In summary, filter based methods are mainly suitable for single, uniform continuous backgrounds and scenes with smaller target sizes; The HVS based detection method is mainly suitable for scenes with high target brightness and significant differences from the surrounding background. Similar to star sensor star point detection methods, these algorithms have varying adaptability to targets and environments, and cannot perfectly cope with various types of stray light encountered by star sensors.
Star point recognition algorithms can generally be divided into three categories:
(1) Star point recognition algorithm based on constellation features;
Firstly, star recognition algorithms based on constellation features utilize feature quantities for recognition, which are determined by the positional relationship between stars.
The earliest star recognition algorithm based on constellation features was the triangle algorithm proposed in the 1970s. As the name suggests, it utilizes the triangle features composed of stars for star recognition. Although it has been developed for many years, it and its improved methods are still the most commonly used star recognition algorithms in engineering.

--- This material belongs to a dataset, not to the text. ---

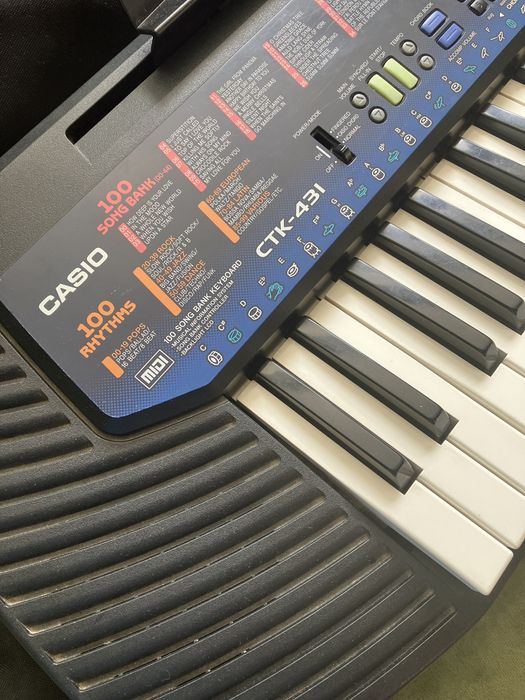 Keyboard Casio CTK-431 + futerał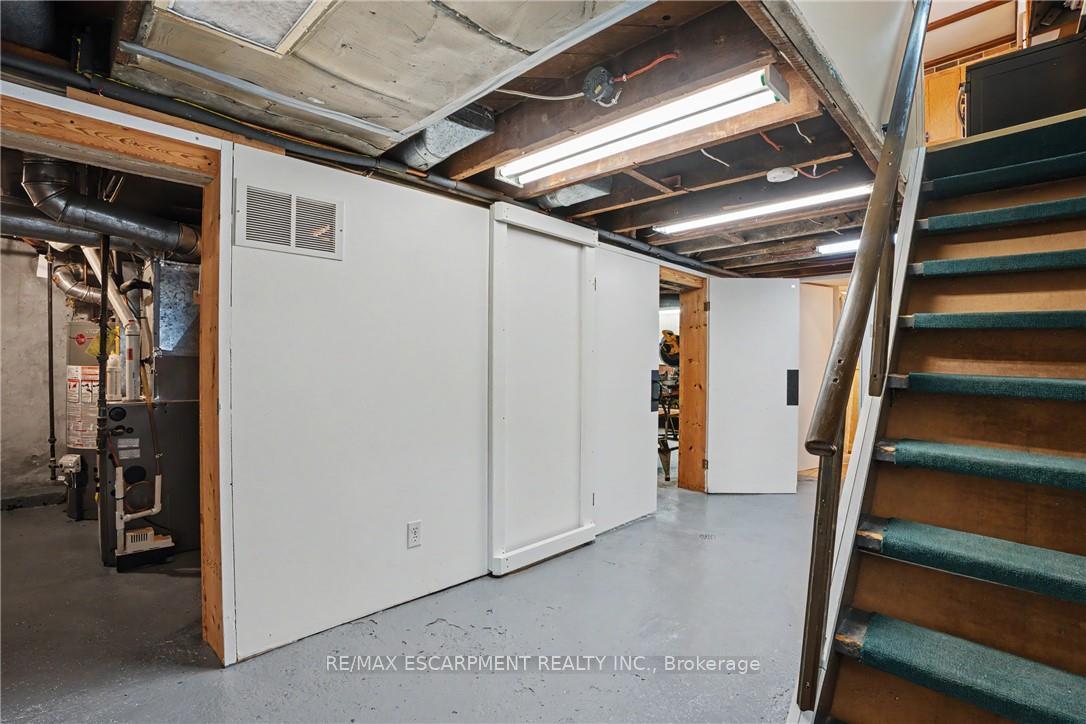 Photo 23 of 18 Elma Street, Etobicoke, Mimico — HOMEH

Compared to the earliest methods of simply using corner distance features, the triangle algorithm has higher feature dimensions and higher recognition accuracy. The disadvantage of triangle recognition algorithm is also quite obvious, that is, when the number of matching triangles is large, it is prone to incorrect matching, which leads to a decrease in recognition success rate. In addition to the triangle algorithm, there is also a matching group based algorithm that utilizes multiple bright stars as the main star, calculates the angular distance relationship between the main star and the auxiliary star, and achieves matching search with the star library. However, due to the uncertainty of the size of the matching group, only angular distance can be used as the basic parameter, which can easily lead to uncertainty in the recognition process. The matching group algorithm is also a commonly used recognition algorithm in engineering model tasks.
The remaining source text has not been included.